#### [Exercise directions]
Leaving out the pictures, return each line of the entries from the first through the line with "THX Balanced DAC Amplifier", and only those lines.

Image-caption web data
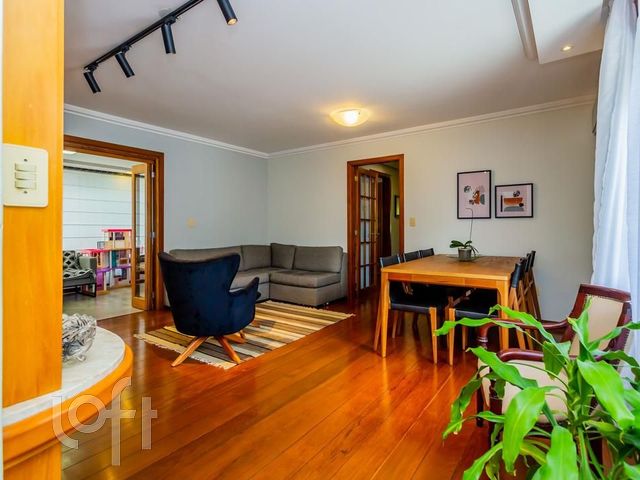 Apartamento com 125m², 3 dormitórios, 1 suíte, 1 vaga, Higienópolis em Porto Alegre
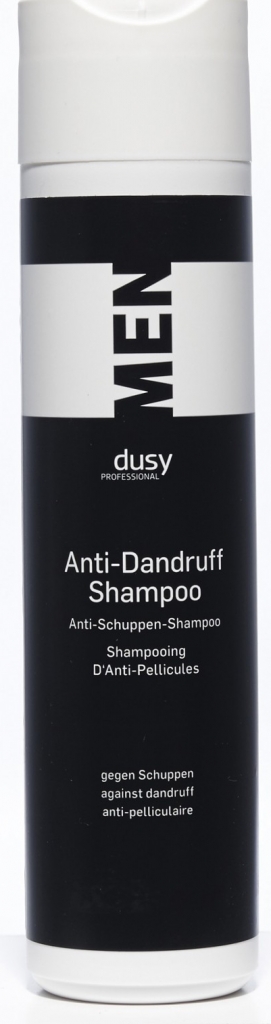 Dusy Men šampón proti lupinám 250 ml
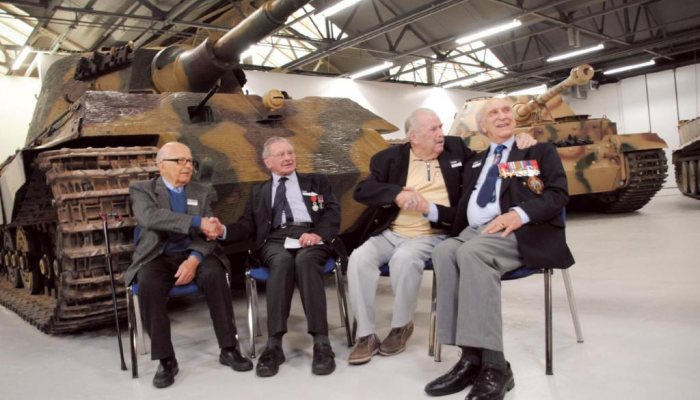 Tank Museum Bovington - image {image:count}
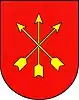 Coat of arms of Šípy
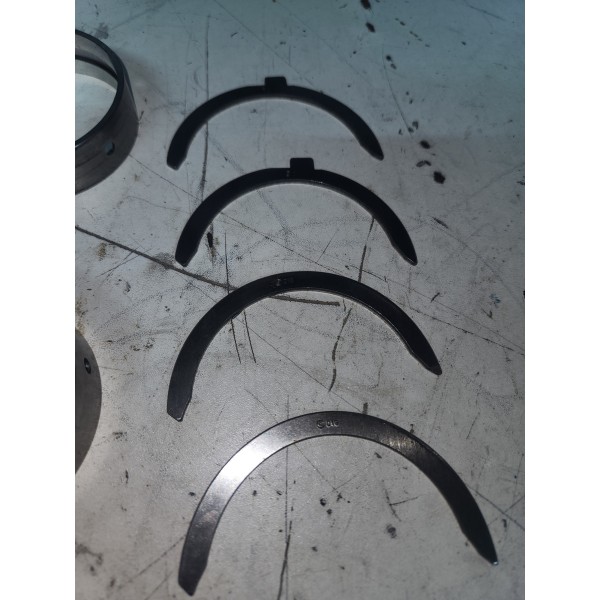 Bronzina Toyota Hilux 2.8 2023 Original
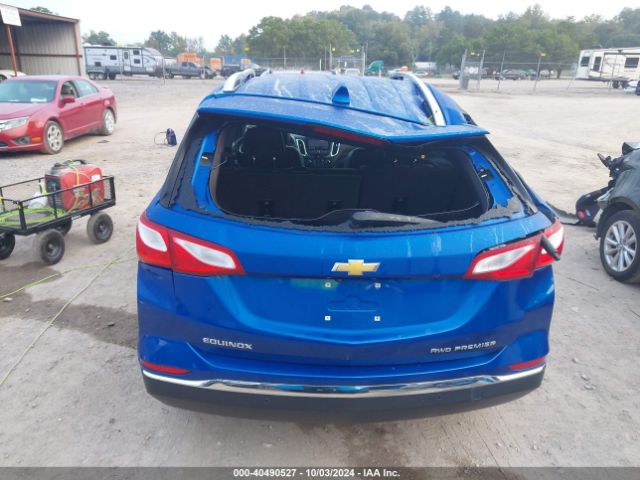 3GNAXXEVXKS522120 Chevrolet Equinox Premier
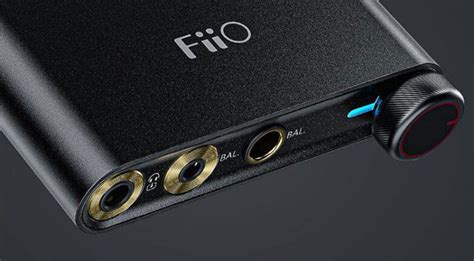 FiiO Q3 THX Balanced DAC Amplifier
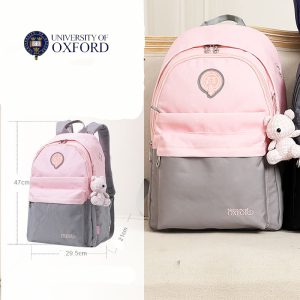 University Of OXFORD 18.5 Inch Waterproof Backpack X1054 - Image 9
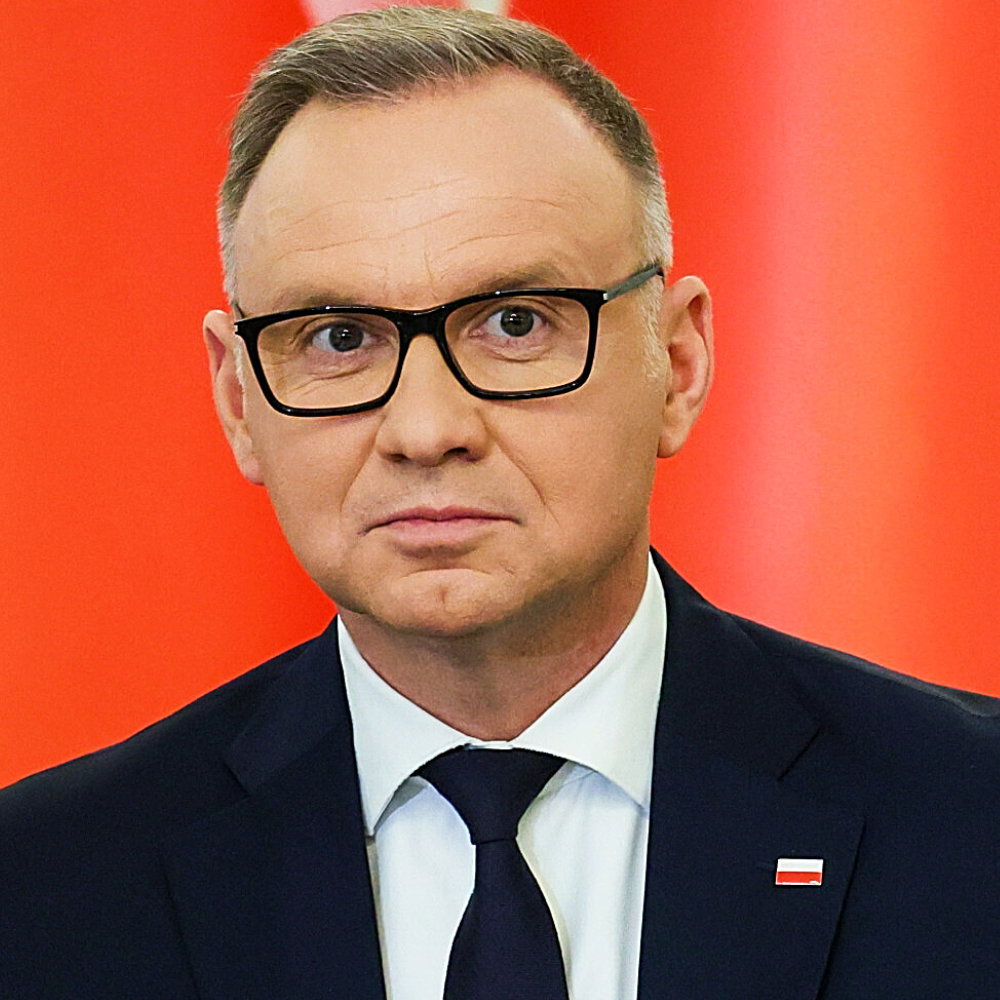 Andrzej Duda, 05.05.2025. Pałac Prezydencki.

#### [Answer to this problem]
 Apartamento com 125m², 3 dormitórios, 1 suíte, 1 vaga, Higienópolis em Porto Alegre
 Dusy Men šampón proti lupinám 250 ml
 Tank Museum Bovington - image {image:count}
 Coat of arms of Šípy
 Bronzina Toyota Hilux 2.8 2023 Original
 3GNAXXEVXKS522120 Chevrolet Equinox Premier
 FiiO Q3 THX Balanced DAC Amplifier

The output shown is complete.